Survey results are anonymous, however general demographic questions such as asset size, country code and industry help us to compile a useful benchmark-type report that most participants find helpful. These results, combined with your extensive team discussions during the exercise, are qualitatively valuable as well.

How do I register?

Log in to FS-ISAC Intelligence Exchange, select Member Services icon and go to Events/Training, then select CAPS Securities & Investments Cyber Attack Incident Response Exercise.
(If you do not have access to IntelX, your company’s Primary Point of Contact (POC) can request to add a new User directly from the My Team page. When adding a new User, POCs should indicate whether the User requires IntelX access and which groups they will join. FS-ISAC reviews all requests for approval to ensure user access does not exceed the Share user allotments based on the organization’s membership tier.)

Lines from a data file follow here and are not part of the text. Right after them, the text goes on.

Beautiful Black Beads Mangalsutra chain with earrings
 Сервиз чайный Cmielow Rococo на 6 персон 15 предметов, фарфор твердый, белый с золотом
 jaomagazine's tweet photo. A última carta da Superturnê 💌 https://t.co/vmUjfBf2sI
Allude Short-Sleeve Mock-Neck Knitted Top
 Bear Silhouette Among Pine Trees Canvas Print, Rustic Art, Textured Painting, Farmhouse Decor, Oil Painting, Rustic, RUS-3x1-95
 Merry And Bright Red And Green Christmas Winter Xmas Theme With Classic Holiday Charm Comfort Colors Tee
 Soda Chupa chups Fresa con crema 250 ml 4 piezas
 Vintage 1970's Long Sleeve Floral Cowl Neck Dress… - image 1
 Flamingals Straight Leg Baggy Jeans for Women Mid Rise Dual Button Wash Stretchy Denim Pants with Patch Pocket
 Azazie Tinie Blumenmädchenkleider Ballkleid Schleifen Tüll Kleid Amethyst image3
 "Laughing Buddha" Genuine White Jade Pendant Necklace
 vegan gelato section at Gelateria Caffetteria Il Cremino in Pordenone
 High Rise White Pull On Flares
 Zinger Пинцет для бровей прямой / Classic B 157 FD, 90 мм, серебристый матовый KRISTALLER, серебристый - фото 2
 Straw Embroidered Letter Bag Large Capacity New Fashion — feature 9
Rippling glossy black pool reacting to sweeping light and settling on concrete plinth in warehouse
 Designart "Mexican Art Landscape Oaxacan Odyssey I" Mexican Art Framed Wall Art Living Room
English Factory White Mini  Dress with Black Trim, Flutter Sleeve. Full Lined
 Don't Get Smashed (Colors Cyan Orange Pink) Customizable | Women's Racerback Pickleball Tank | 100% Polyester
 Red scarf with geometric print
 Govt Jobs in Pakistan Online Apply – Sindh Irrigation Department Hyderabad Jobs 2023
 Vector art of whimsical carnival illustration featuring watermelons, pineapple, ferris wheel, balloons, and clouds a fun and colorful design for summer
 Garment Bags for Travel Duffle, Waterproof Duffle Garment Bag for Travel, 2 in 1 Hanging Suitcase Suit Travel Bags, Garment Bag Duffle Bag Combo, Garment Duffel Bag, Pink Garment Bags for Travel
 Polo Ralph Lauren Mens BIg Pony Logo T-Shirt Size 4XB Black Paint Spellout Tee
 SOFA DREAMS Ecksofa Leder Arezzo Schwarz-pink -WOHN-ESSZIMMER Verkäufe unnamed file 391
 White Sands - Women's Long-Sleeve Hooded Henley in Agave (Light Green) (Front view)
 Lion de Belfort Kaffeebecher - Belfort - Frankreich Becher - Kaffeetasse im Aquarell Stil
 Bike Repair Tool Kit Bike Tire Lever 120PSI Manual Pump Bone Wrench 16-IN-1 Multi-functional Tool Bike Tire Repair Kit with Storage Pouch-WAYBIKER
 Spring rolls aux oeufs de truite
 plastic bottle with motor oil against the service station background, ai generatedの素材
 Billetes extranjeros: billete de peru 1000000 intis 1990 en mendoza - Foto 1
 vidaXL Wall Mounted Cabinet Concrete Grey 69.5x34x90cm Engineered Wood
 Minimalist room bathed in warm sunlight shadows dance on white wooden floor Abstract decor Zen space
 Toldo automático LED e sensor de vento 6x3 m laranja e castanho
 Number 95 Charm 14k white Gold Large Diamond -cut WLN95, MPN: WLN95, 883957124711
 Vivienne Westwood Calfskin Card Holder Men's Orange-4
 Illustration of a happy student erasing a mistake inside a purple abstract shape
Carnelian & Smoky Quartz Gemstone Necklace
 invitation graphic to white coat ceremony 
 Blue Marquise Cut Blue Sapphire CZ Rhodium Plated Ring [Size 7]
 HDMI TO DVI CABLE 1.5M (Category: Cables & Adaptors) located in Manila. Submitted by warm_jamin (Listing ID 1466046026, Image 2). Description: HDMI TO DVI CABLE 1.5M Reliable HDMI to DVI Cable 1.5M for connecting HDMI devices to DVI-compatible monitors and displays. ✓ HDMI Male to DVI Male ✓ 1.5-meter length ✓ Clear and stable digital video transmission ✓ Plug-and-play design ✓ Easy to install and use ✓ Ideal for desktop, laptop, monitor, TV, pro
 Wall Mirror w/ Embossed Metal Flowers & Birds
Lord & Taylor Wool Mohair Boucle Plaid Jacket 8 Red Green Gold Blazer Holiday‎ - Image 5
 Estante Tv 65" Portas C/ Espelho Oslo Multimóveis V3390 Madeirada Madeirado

Members in Tiers 1-5 complete a registration for $0 since the exercise is part of annual membership fees.

Members in Tiers 6-8 complete a registration and make payment of US$ 175 plus any applicable country and state taxes by card.

Where do I view my event registrations?

On the Member Services homepage in IntelX, users can navigate to the My Events tab under the banner to view their event registrations. POCs will also see the event registrations for all Users at their company. 

After I register, when can I expect more information on event attendance?

Once registered, you will receive instructions from the CAPS event staff within a few days. The individual who registers is considered the CAPS coordinator and only point of contact for accessing the CAPS instructions and materials on FS-ISAC’s IntelX Connect application and will need current Connect access to participate. 

Can I change which CAPS exercise I registered for?

You may open a Case to request a change.

Who can I contact for more information? 

Please submit your inquiry in a Case through the Member Services area on FS-ISAC Intelligence Exchange or send an email to CAPS@fsisac.com

What is a Case? 

Users can submit a member inquiry or request by opening a Case, which puts your submission into the FS-ISAC Service Desk. By opening a Case, your request goes to the appropriate FS-ISAC team for response.

How do I open a Case? 

Users can open a Case by clicking on Open a Case at the top menu or clicking on the Contact Member Support button located within the app.